> **The problem**:
Copy only what lies from the line containing "Himmelsstürmer-Ass - Shizuku" through the line containing "45cm 9k Yellow Gold 1.2mm Curb Chain" in the entries below, keeping both end lines exact and dropping every picture.

> **Data supplied**:

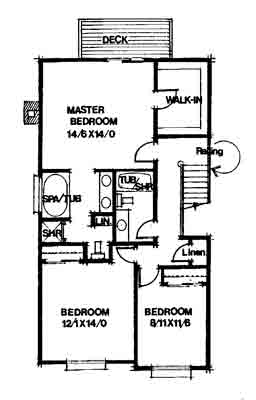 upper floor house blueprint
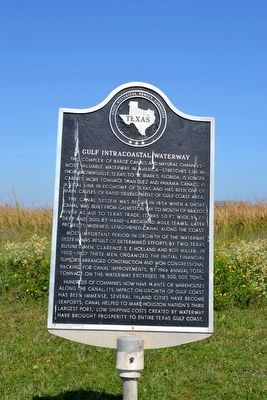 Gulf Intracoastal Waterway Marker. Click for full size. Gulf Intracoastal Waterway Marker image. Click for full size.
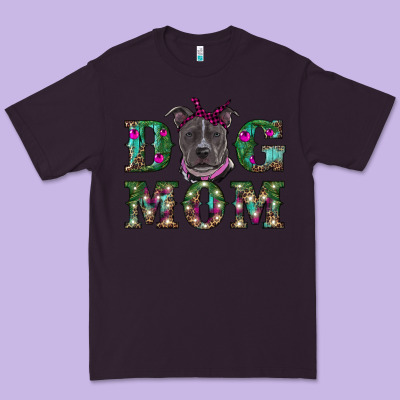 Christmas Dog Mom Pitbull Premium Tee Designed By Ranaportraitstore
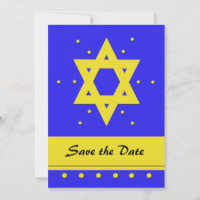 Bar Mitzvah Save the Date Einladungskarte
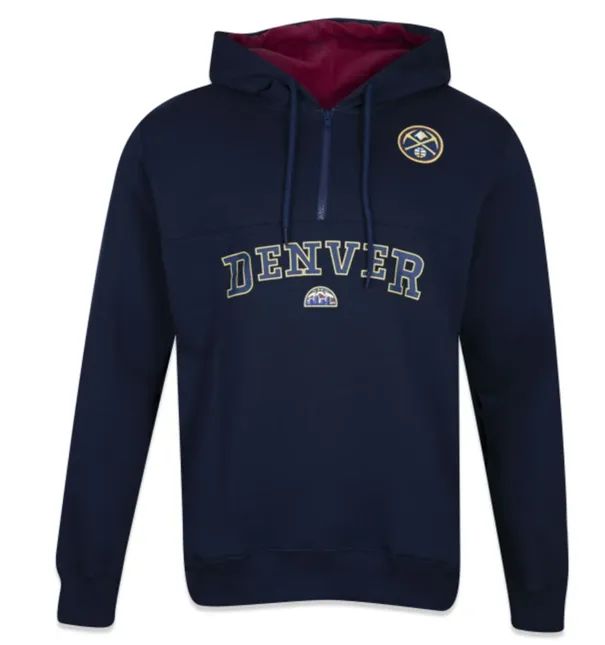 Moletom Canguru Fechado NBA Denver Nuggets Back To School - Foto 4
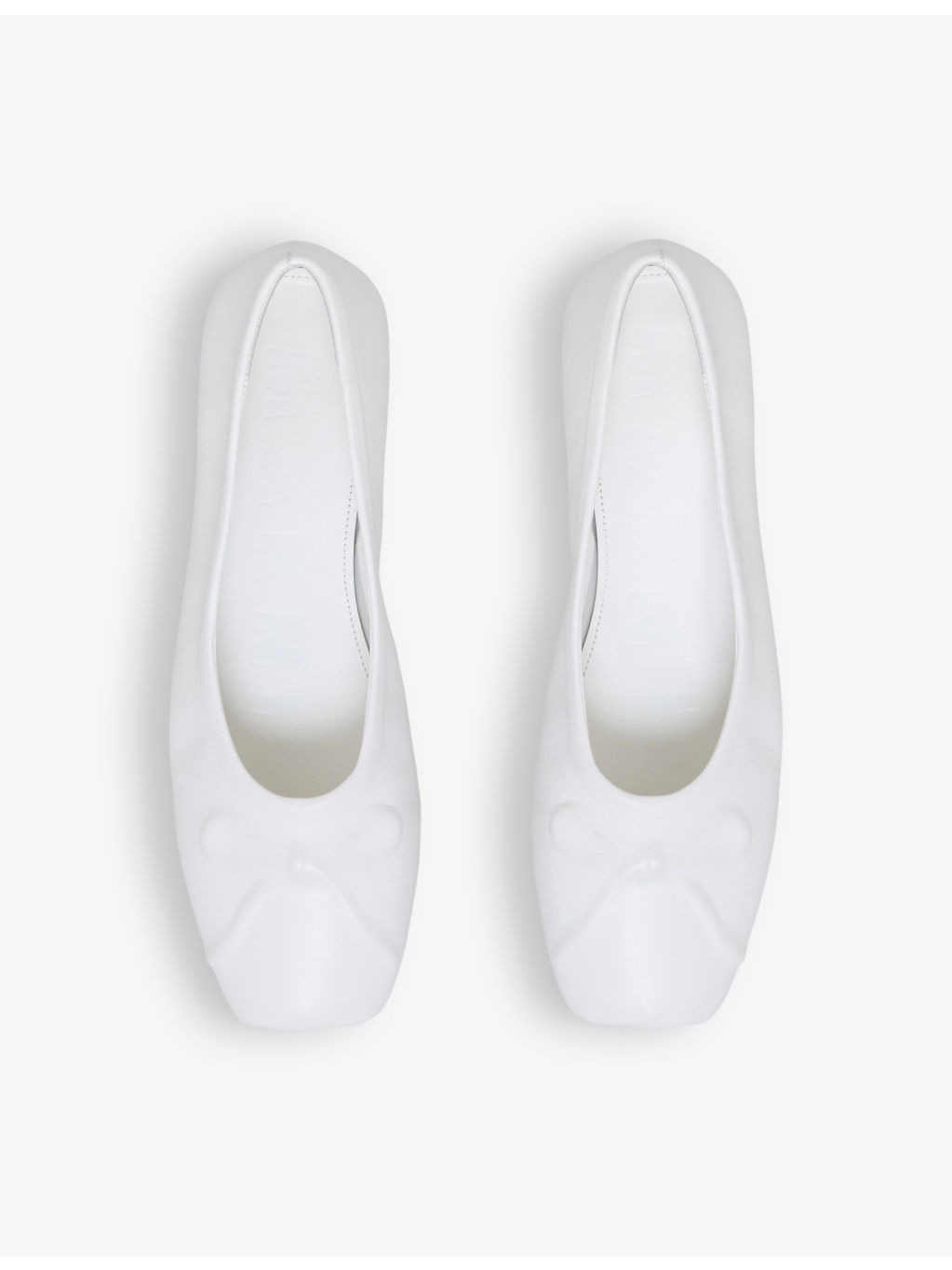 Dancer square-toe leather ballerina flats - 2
==
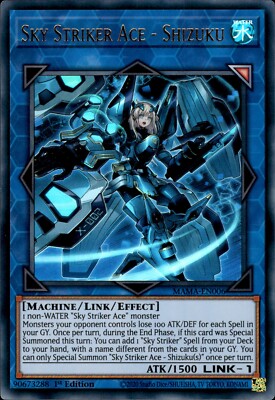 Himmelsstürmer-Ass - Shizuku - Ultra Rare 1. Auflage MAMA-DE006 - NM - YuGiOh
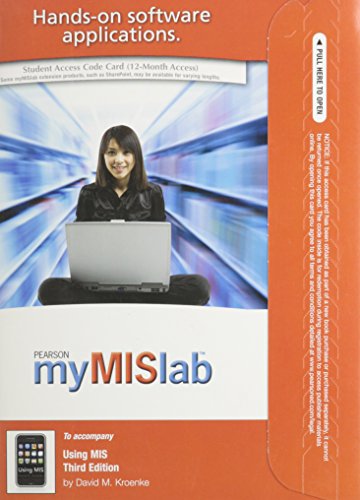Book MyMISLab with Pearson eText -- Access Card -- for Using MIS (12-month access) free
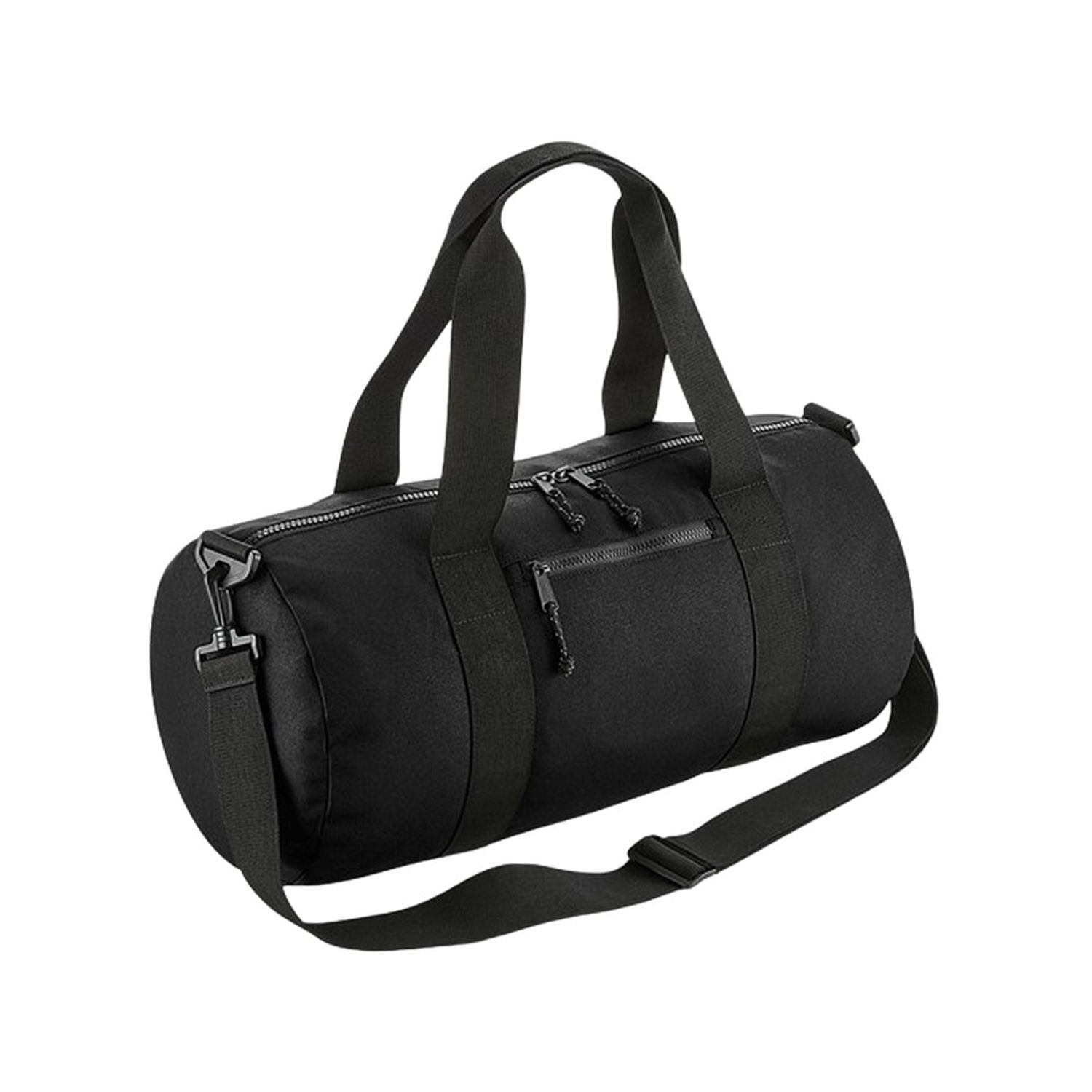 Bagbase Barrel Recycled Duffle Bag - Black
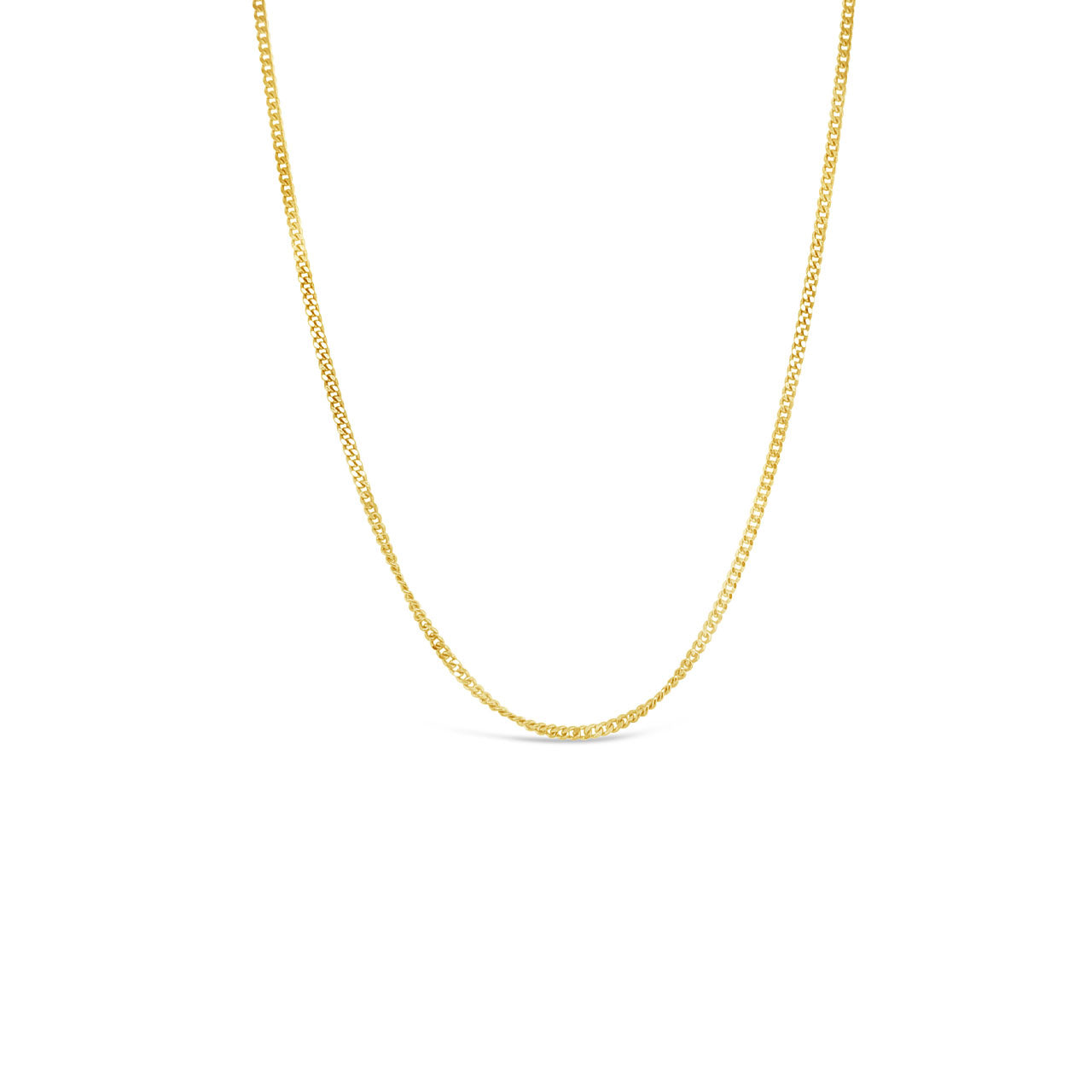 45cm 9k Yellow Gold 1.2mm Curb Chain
---
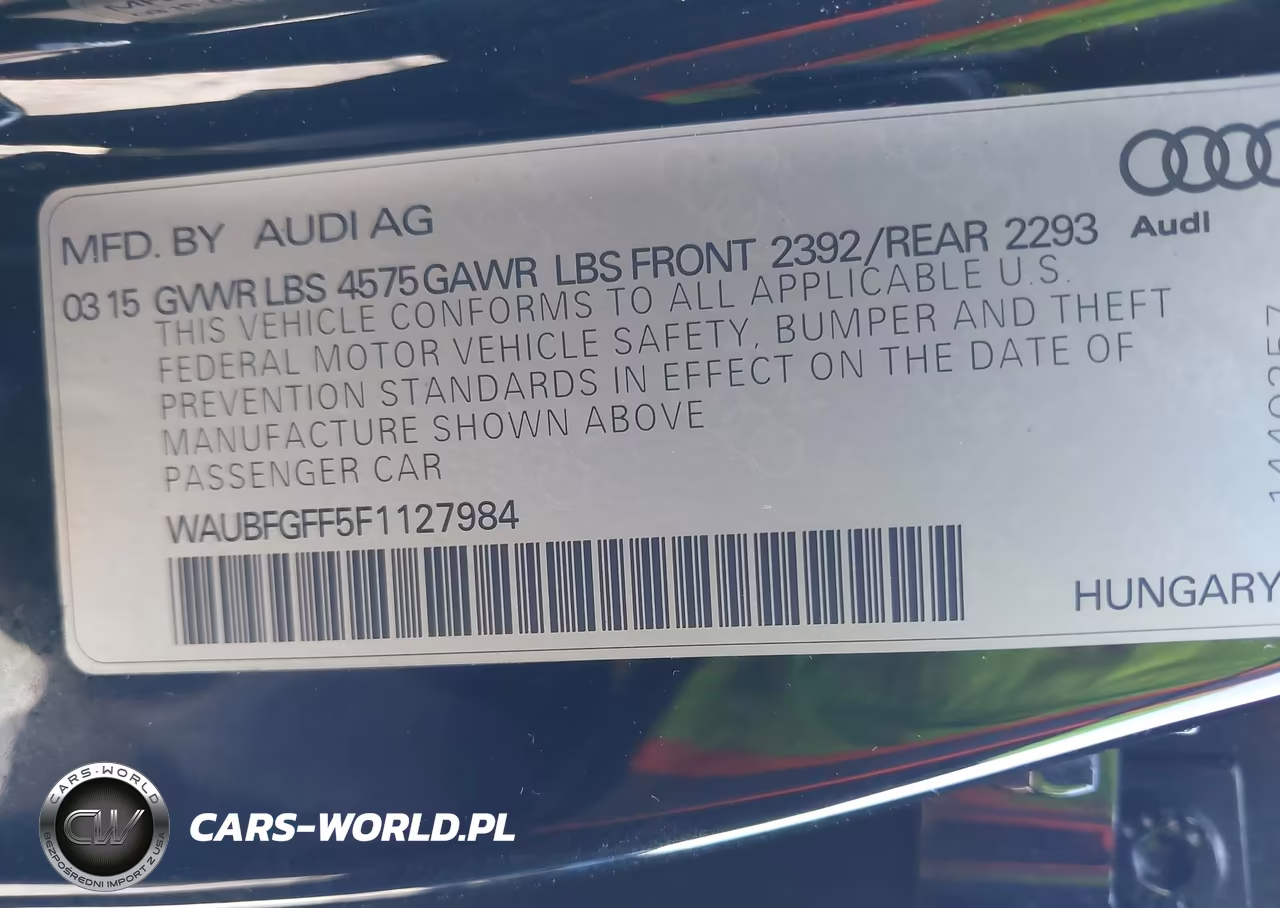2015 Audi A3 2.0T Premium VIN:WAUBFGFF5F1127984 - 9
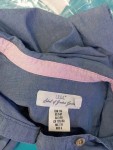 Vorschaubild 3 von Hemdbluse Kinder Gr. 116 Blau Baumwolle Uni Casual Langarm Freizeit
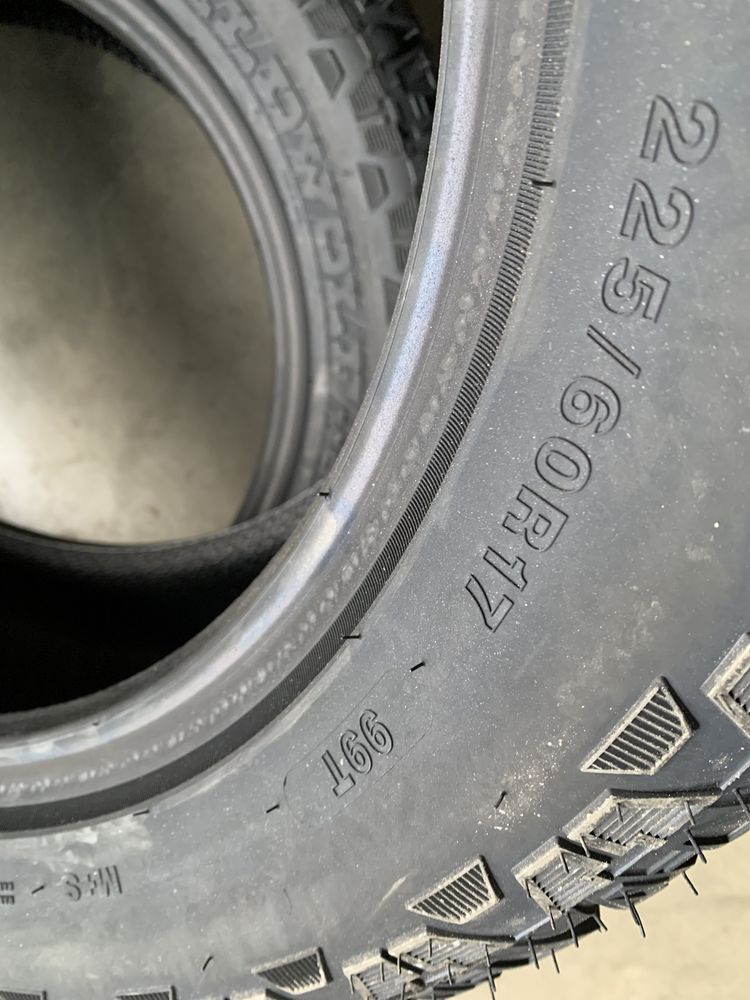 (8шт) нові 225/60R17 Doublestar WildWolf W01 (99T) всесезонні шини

> **Solution for this problem**:
 Himmelsstürmer-Ass - Shizuku - Ultra Rare 1. Auflage MAMA-DE006 - NM - YuGiOh
Book MyMISLab with Pearson eText -- Access Card -- for Using MIS (12-month access) free
 Bagbase Barrel Recycled Duffle Bag - Black
 45cm 9k Yellow Gold 1.2mm Curb Chain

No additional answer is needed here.